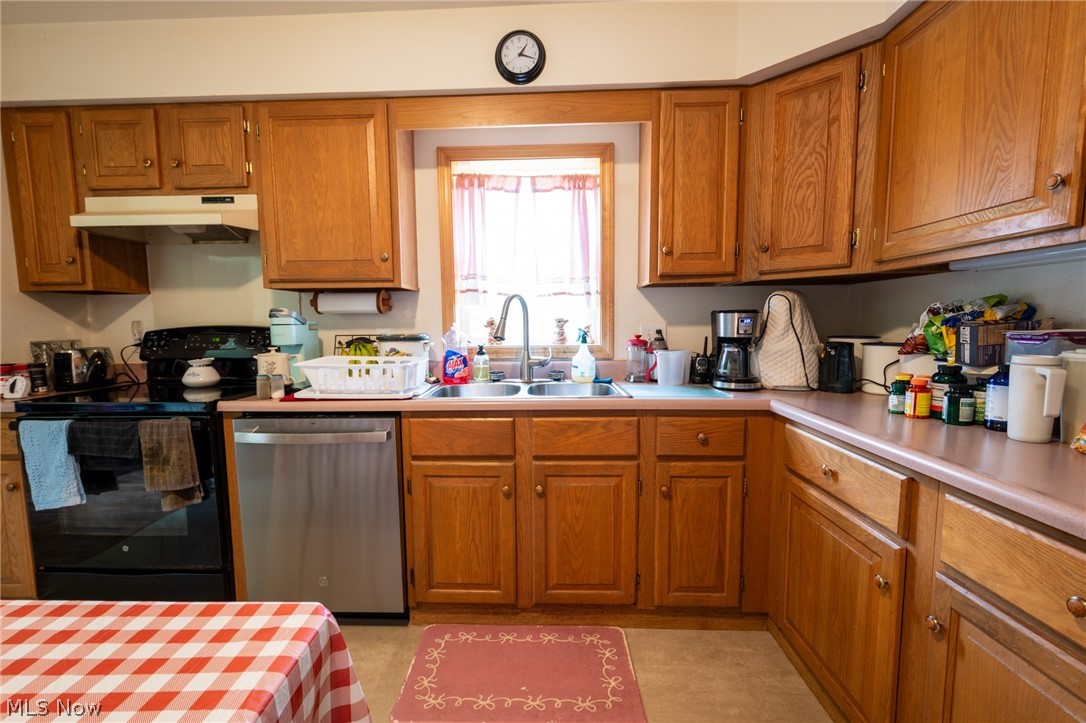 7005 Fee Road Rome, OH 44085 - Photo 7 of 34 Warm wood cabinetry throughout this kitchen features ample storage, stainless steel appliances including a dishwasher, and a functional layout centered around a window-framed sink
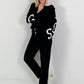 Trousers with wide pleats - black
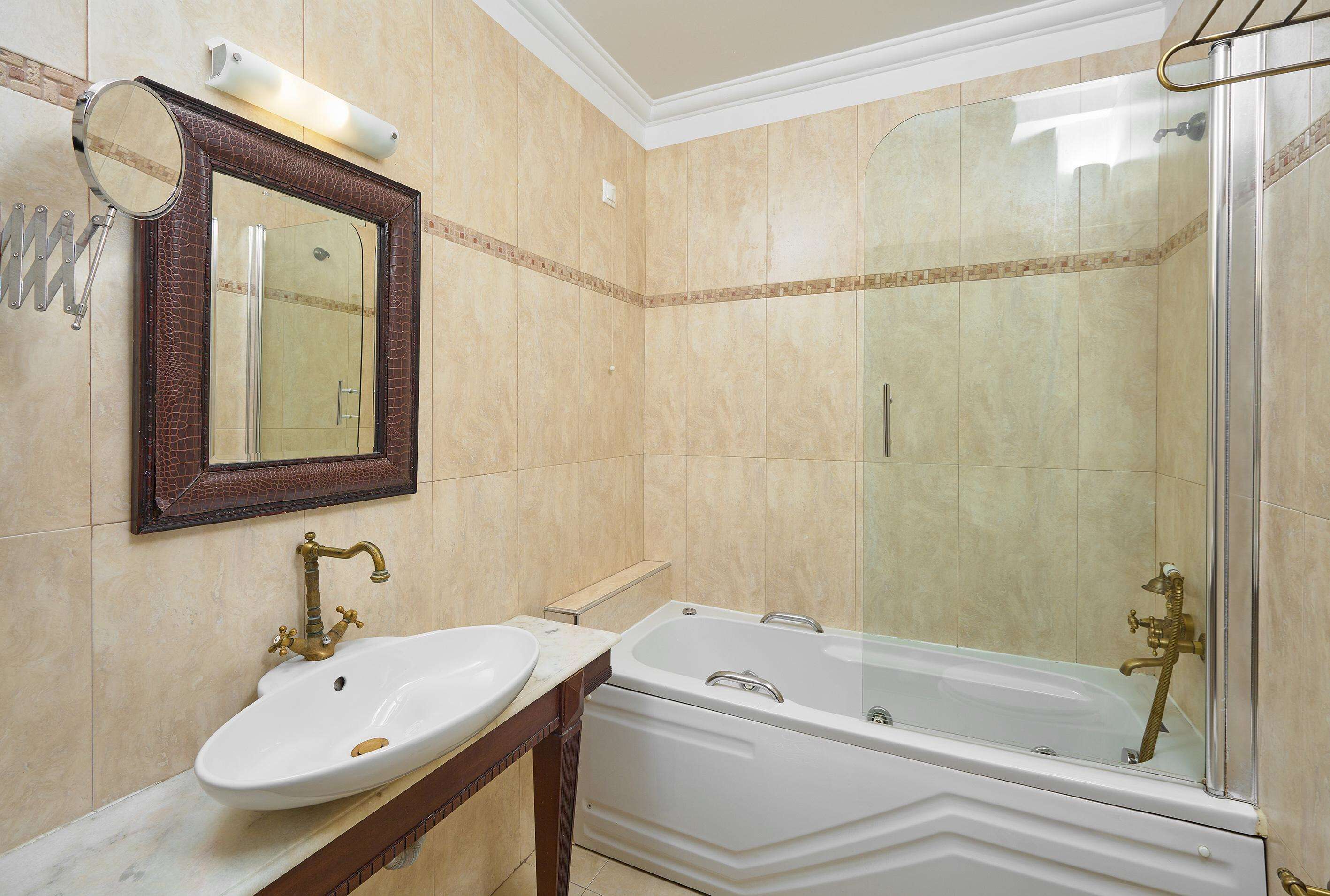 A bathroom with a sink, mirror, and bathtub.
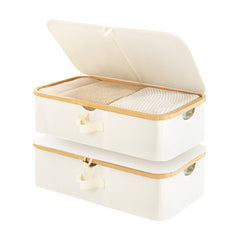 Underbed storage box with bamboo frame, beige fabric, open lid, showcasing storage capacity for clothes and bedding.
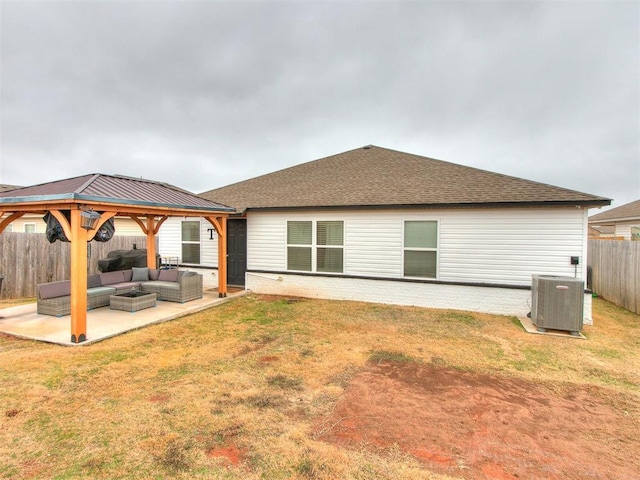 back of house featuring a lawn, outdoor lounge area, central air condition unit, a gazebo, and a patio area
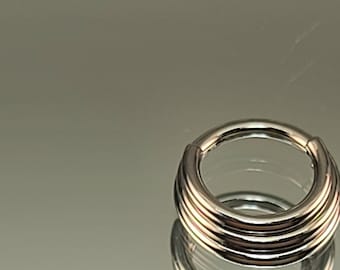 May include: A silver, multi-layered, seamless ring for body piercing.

· · · · ·

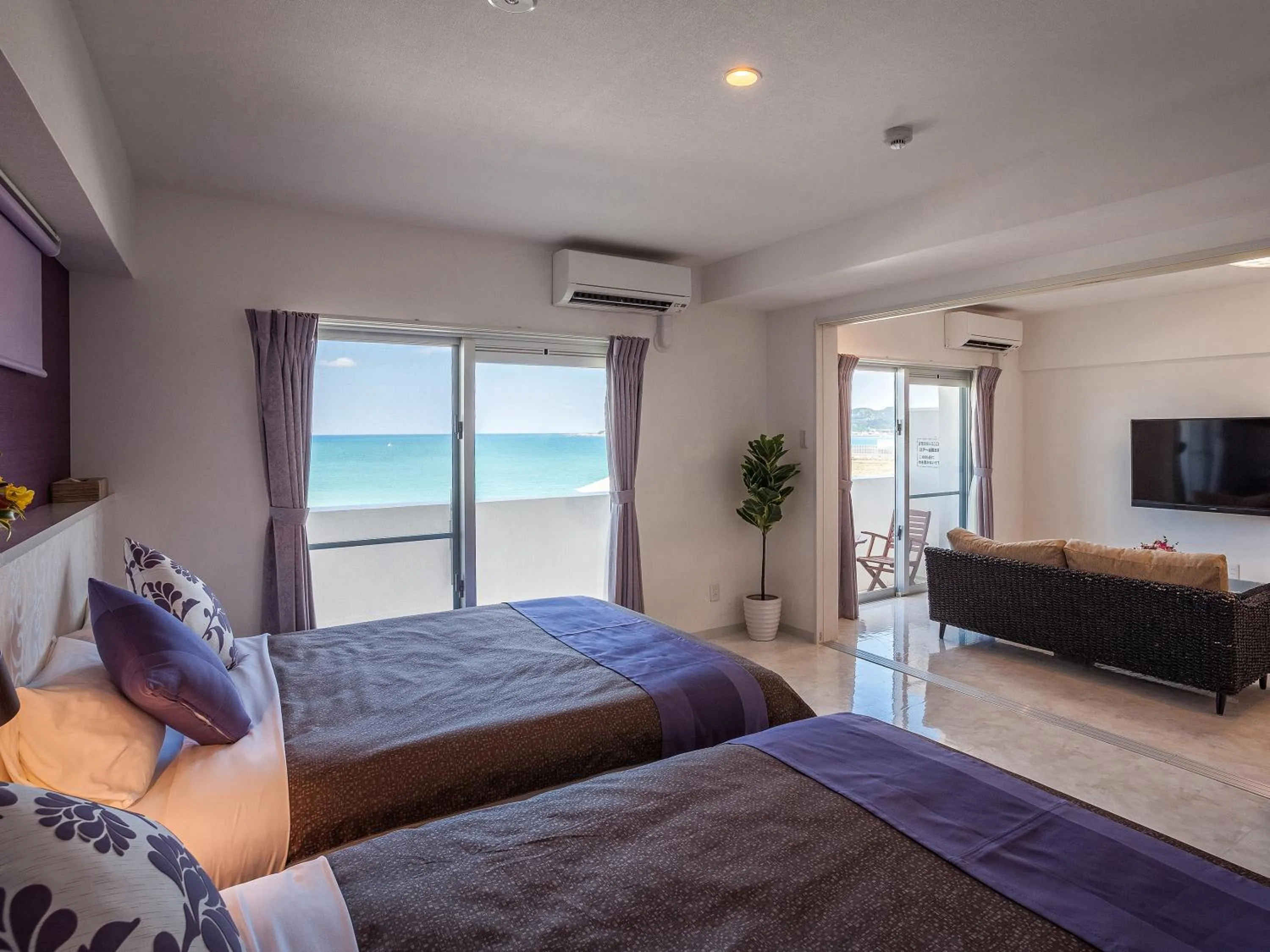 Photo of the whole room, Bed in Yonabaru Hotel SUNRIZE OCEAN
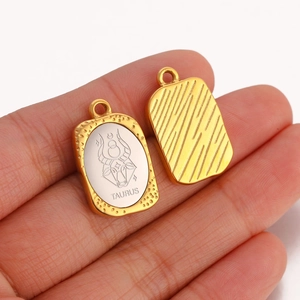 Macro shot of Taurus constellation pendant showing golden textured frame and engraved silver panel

· · · · ·

* Requirement: Transcribe the listing above exactly, but only from the line with "Trousers with wide pleats - black" through the line with "back of house". Include both of those lines and omit the pictures.

* Output of the exercise:
 Trousers with wide pleats - black
 A bathroom with a sink, mirror, and bathtub.
 Underbed storage box with bamboo frame, beige fabric, open lid, showcasing storage capacity for clothes and bedding.
 back of house featuring a lawn, outdoor lounge area, central air condition unit, a gazebo, and a patio area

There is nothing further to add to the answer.